═══ GIVEN RECORDS ═══
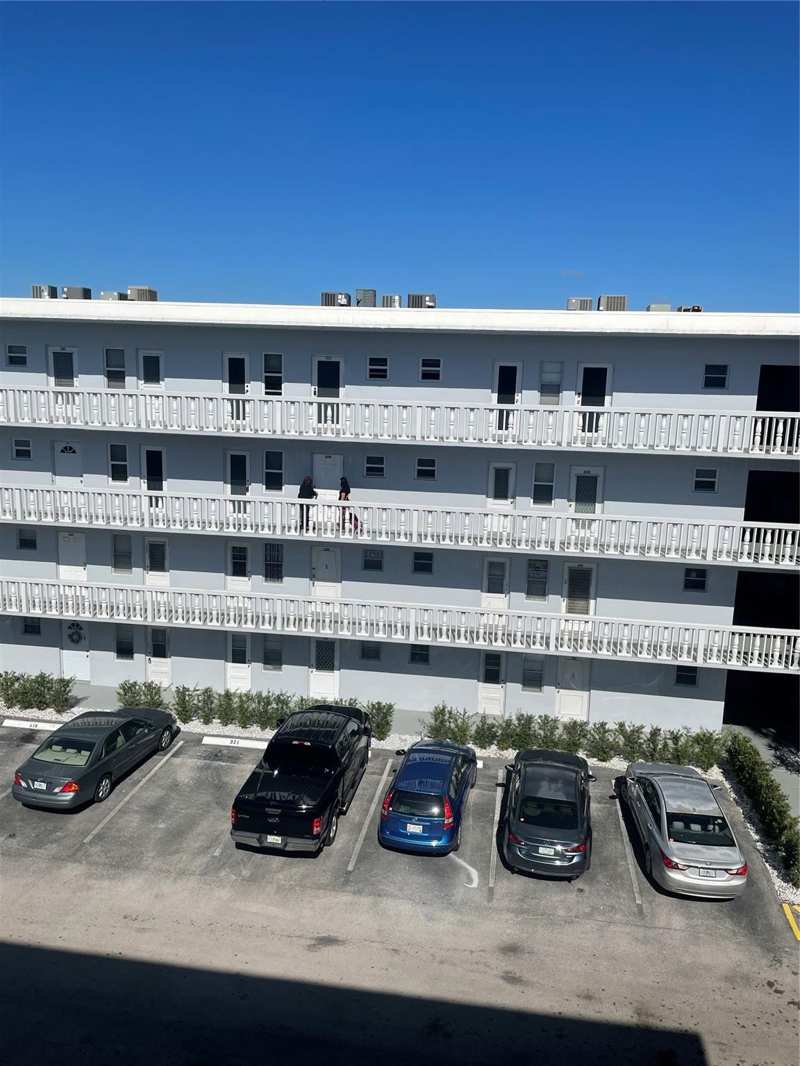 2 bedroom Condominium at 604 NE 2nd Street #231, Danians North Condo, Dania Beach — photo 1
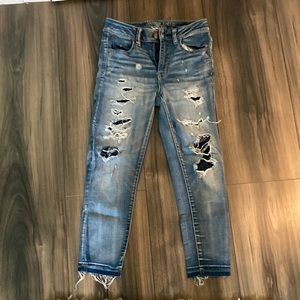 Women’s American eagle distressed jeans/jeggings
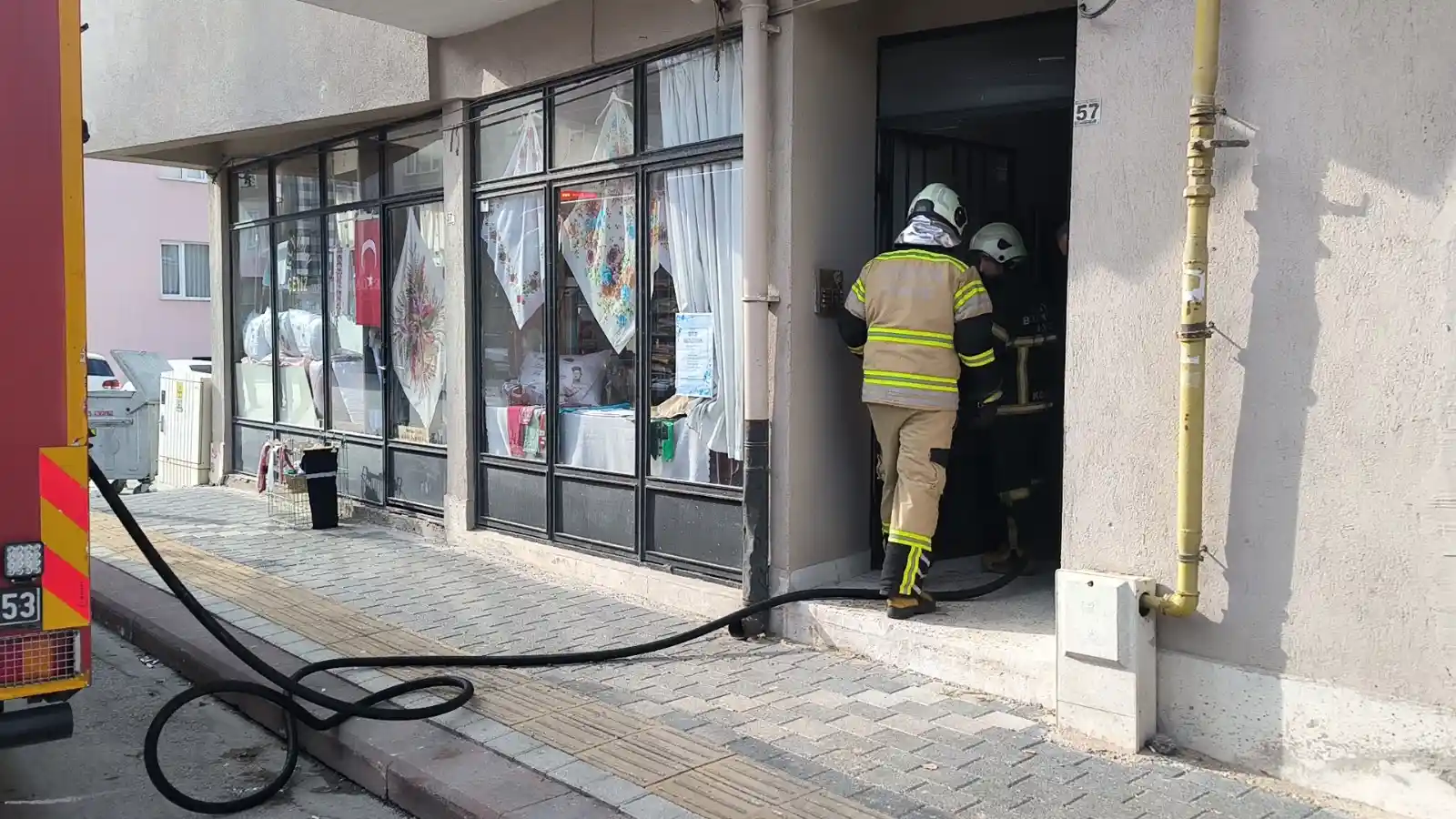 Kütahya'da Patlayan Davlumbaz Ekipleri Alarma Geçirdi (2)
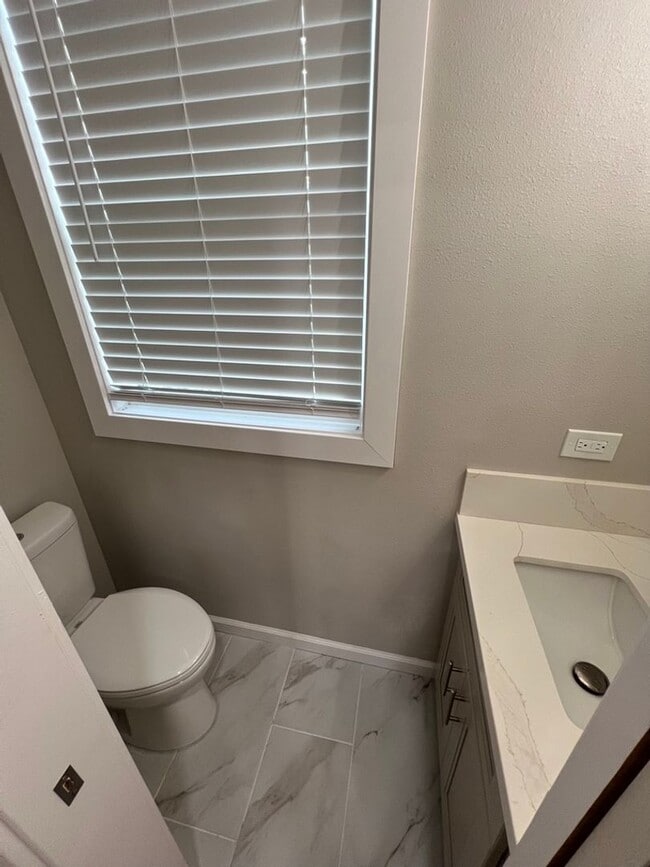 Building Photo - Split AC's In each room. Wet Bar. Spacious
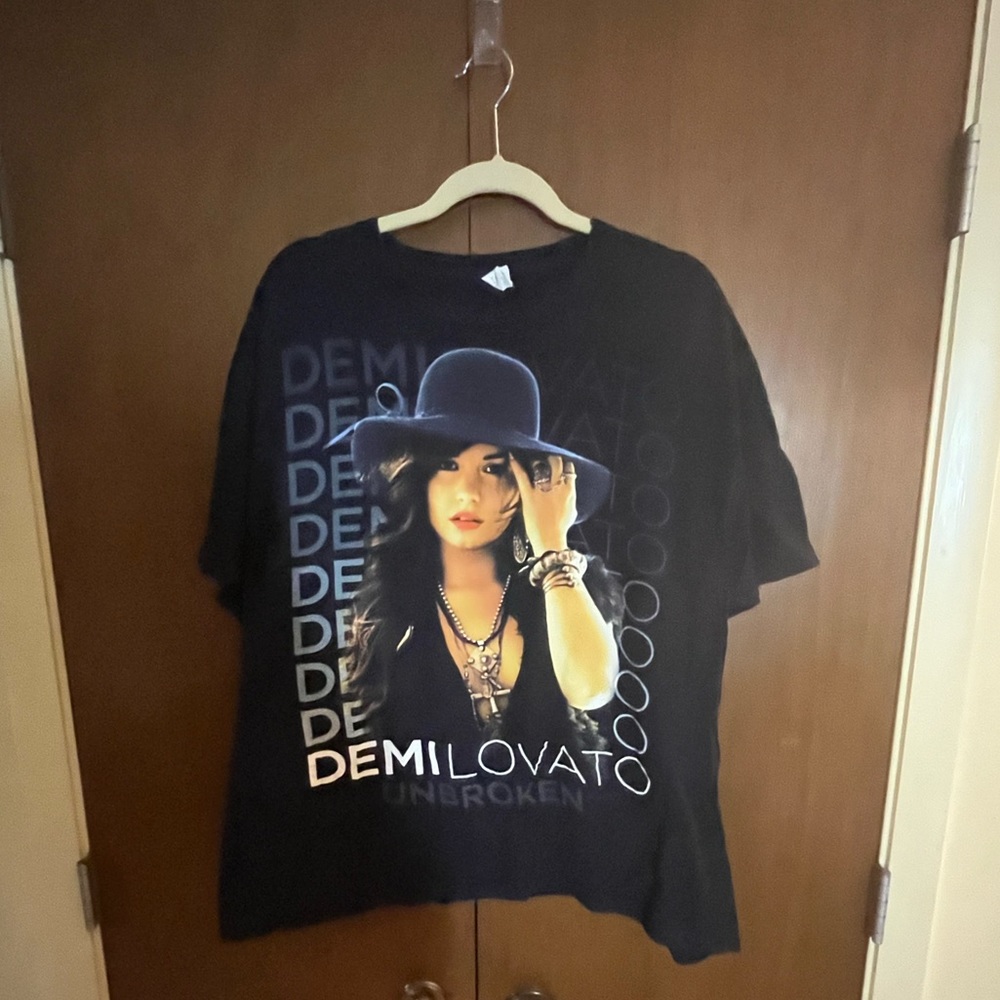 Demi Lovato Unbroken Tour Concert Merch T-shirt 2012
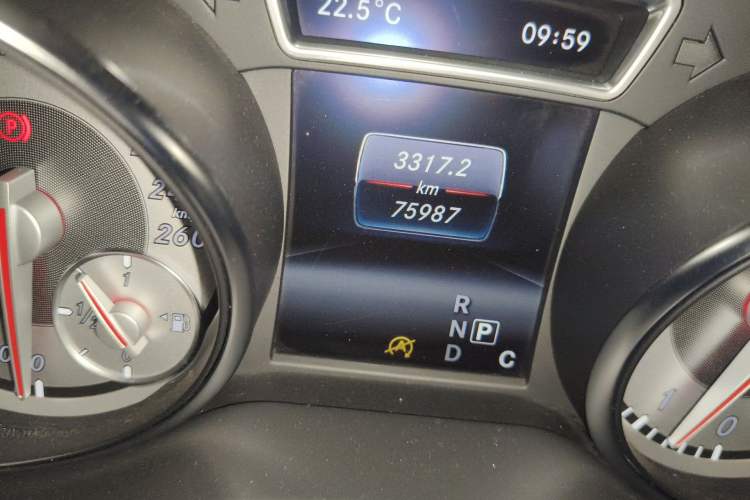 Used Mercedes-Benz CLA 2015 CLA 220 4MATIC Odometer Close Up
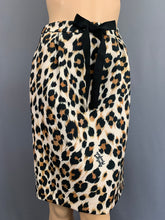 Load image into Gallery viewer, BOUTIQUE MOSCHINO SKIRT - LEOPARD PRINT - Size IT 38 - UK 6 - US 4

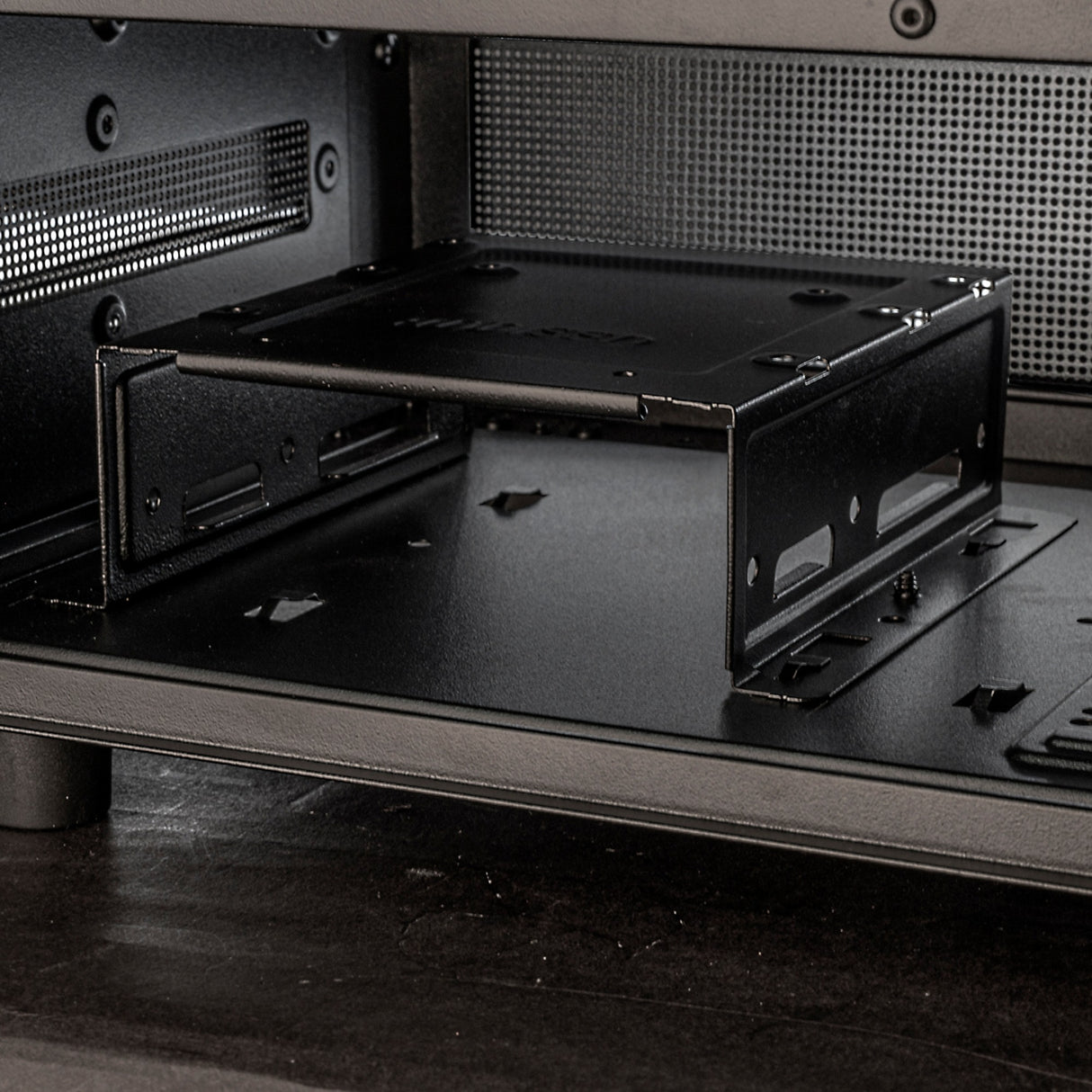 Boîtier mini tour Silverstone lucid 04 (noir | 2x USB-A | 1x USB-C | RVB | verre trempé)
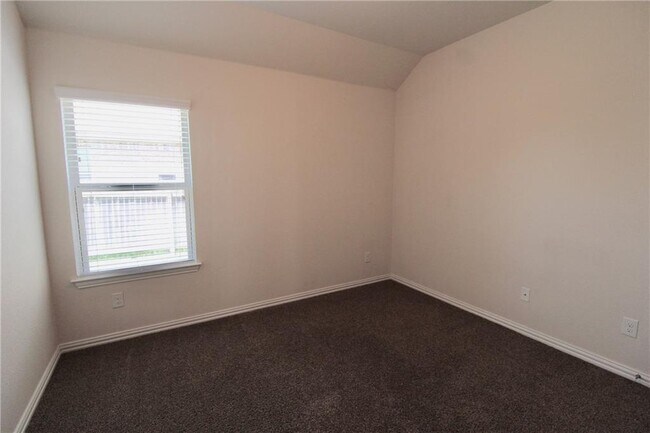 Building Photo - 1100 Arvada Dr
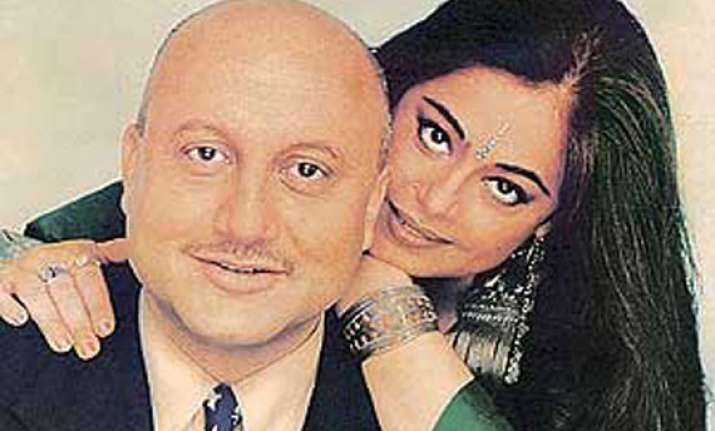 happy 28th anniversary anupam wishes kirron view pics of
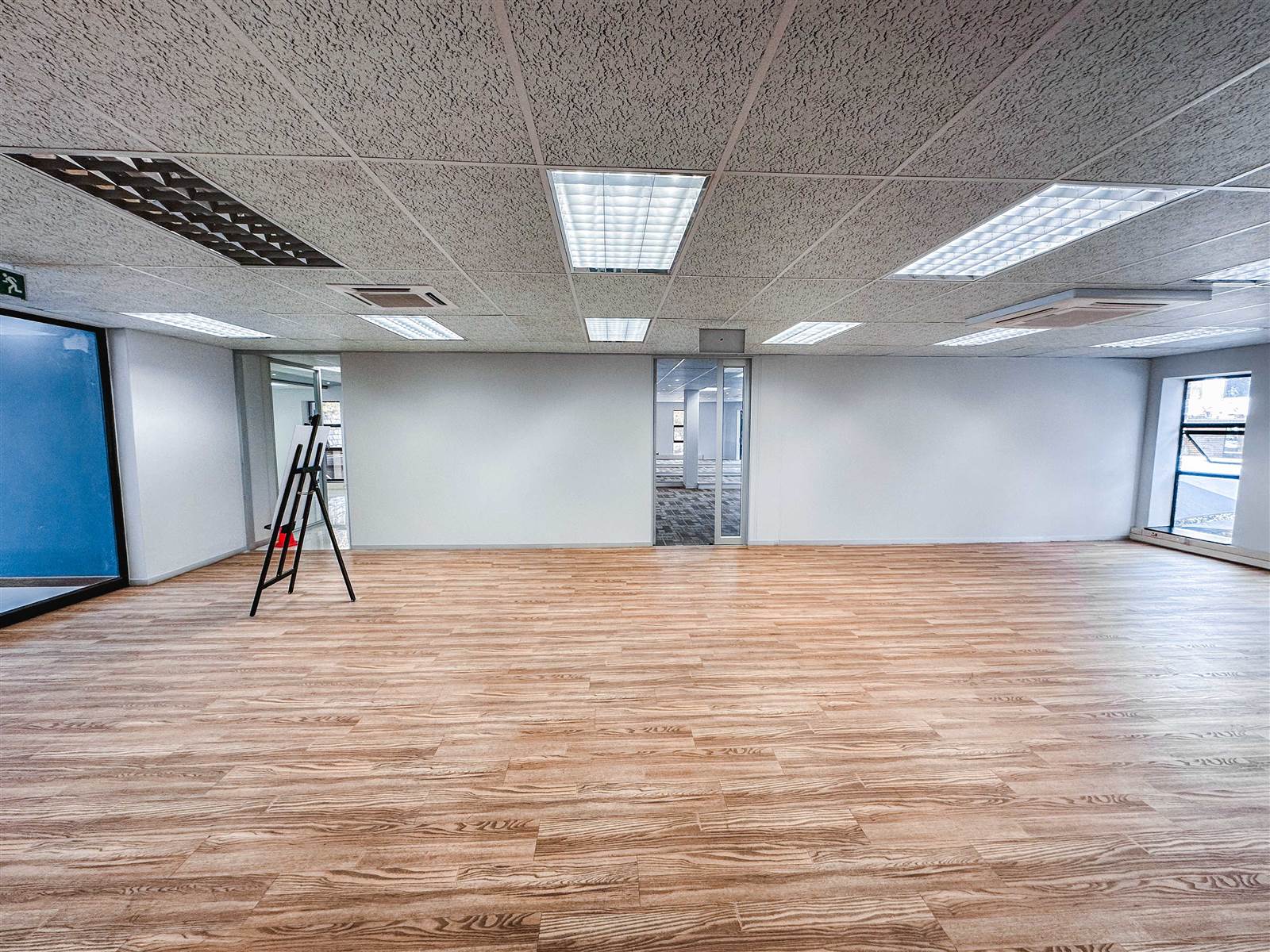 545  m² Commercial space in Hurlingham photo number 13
═══
From the line containing "Used Mercedes-Benz CLA" through the last line of the entries, copy each line exactly and only those, skipping all pictures.

▸ **RESPONSE**:
 Used Mercedes-Benz CLA 2015 CLA 220 4MATIC Odometer Close Up
 Load image into Gallery viewer, BOUTIQUE MOSCHINO SKIRT - LEOPARD PRINT - Size IT 38 - UK 6 - US 4

 Boîtier mini tour Silverstone lucid 04 (noir | 2x USB-A | 1x USB-C | RVB | verre trempé)
 Building Photo - 1100 Arvada Dr
 happy 28th anniversary anupam wishes kirron view pics of
 545  m² Commercial space in Hurlingham photo number 13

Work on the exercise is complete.